(Beginning of Supplied information)

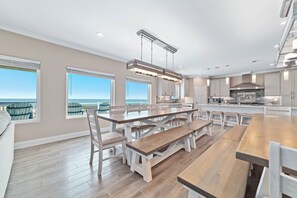 Une cuisine spacieuse dotée d’un grand îlot central, d’appareils électroménagers modernes et de grandes fenêtres offrant une vue sur l’océan.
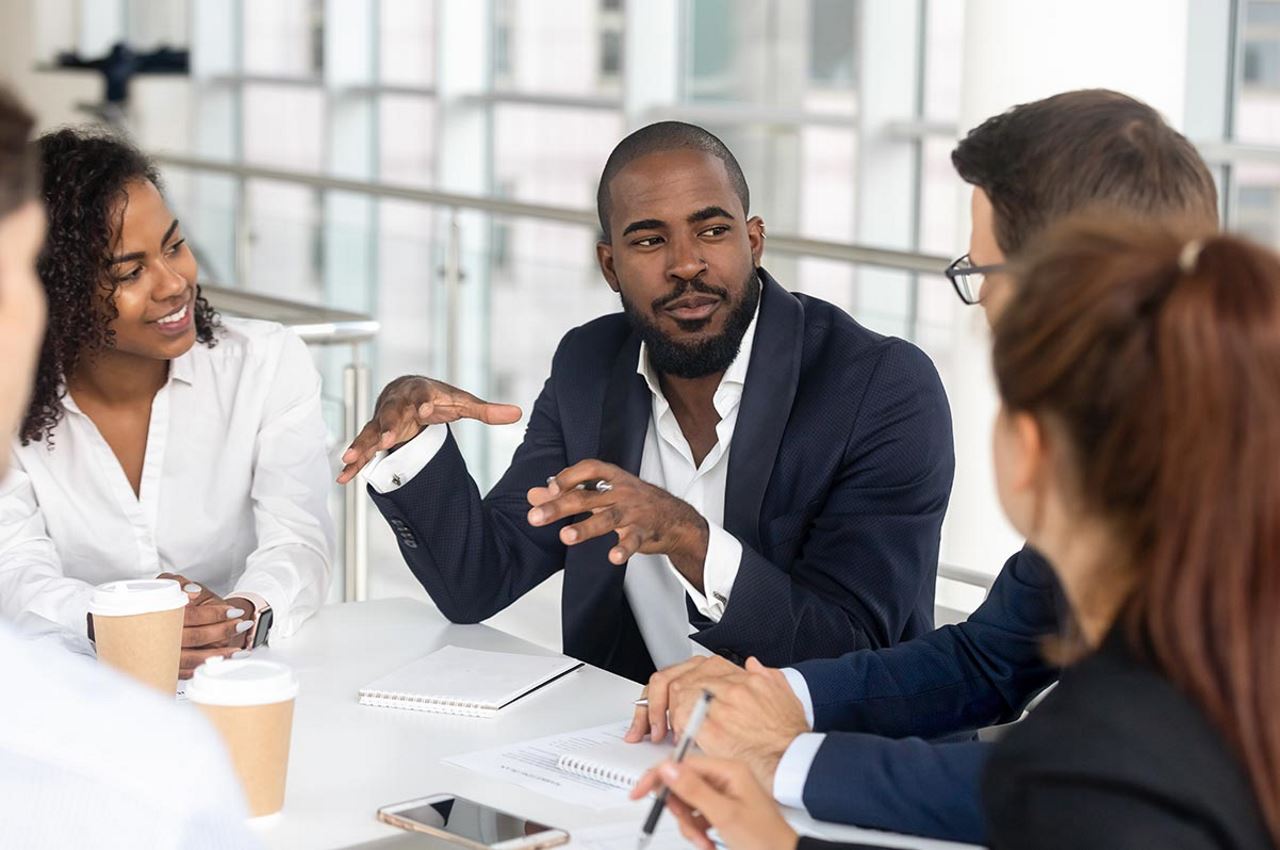 credit manager talking to team in an office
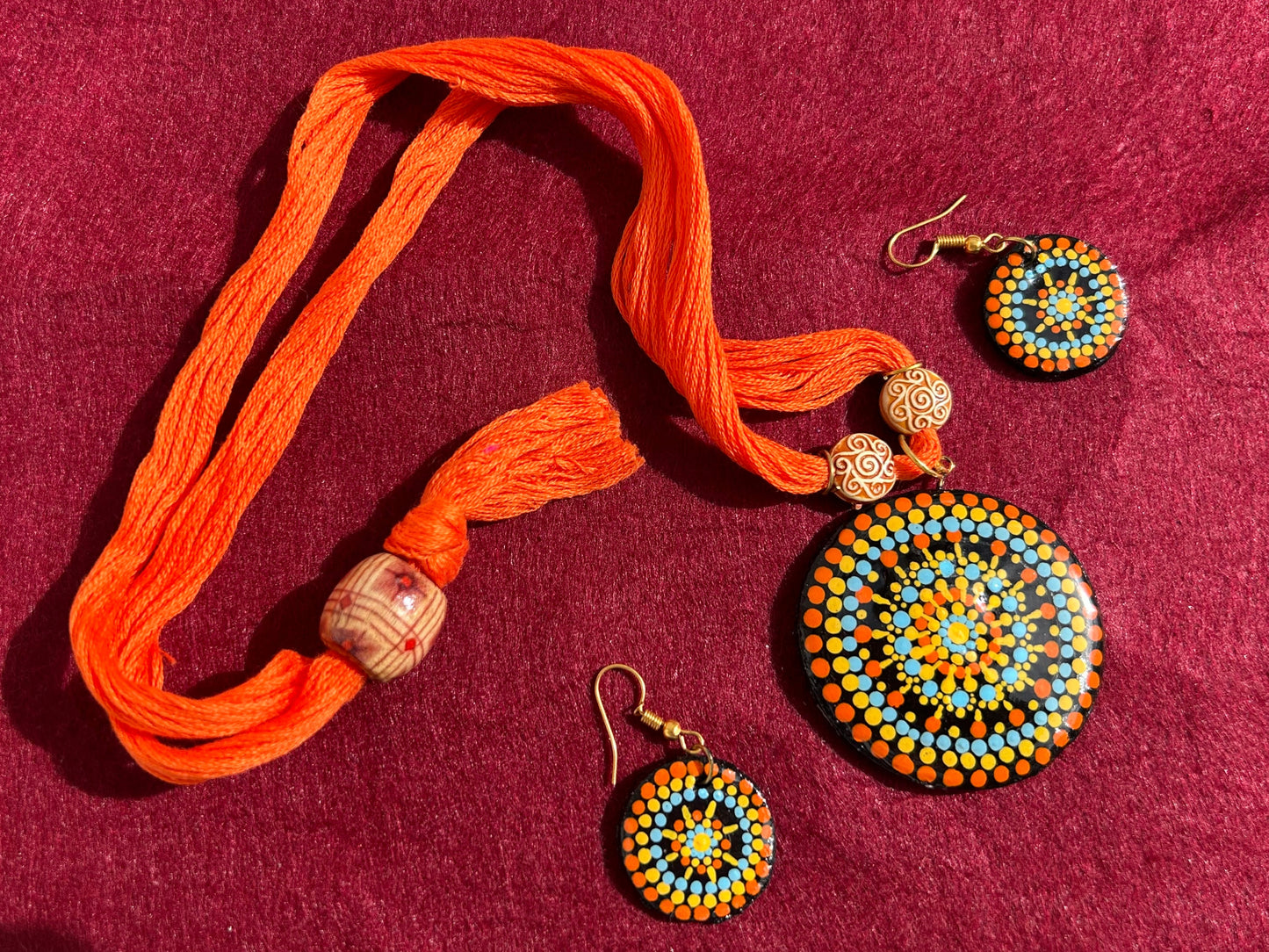 Colorful beaded earrings with an orange cord on a maroon fabric background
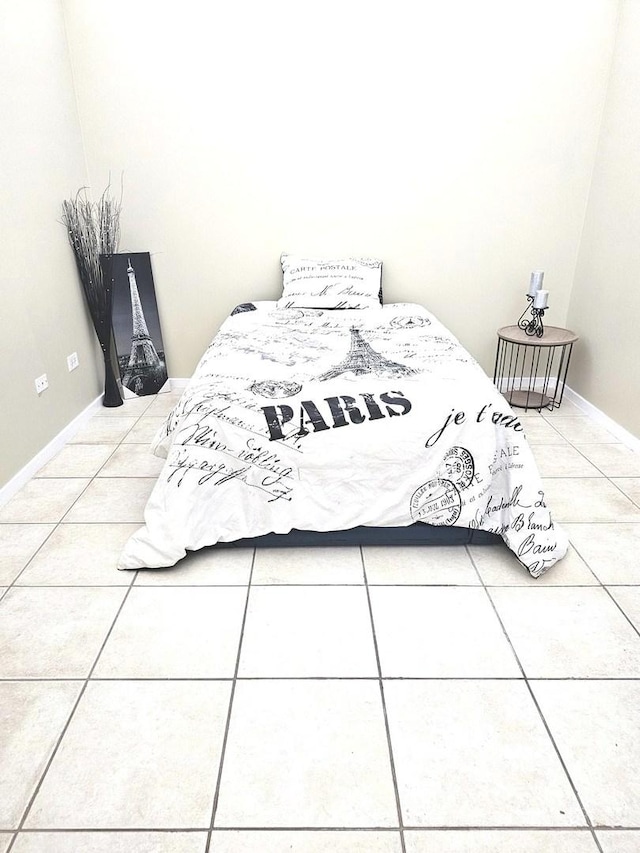 bedroom with tile patterned flooring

(End of Supplied information)

Give back every line of the material above word for word, leaving out the pictures.

## Exercise output
 Une cuisine spacieuse dotée d’un grand îlot central, d’appareils électroménagers modernes et de grandes fenêtres offrant une vue sur l’océan.
 credit manager talking to team in an office
 Colorful beaded earrings with an orange cord on a maroon fabric background
 bedroom with tile patterned flooring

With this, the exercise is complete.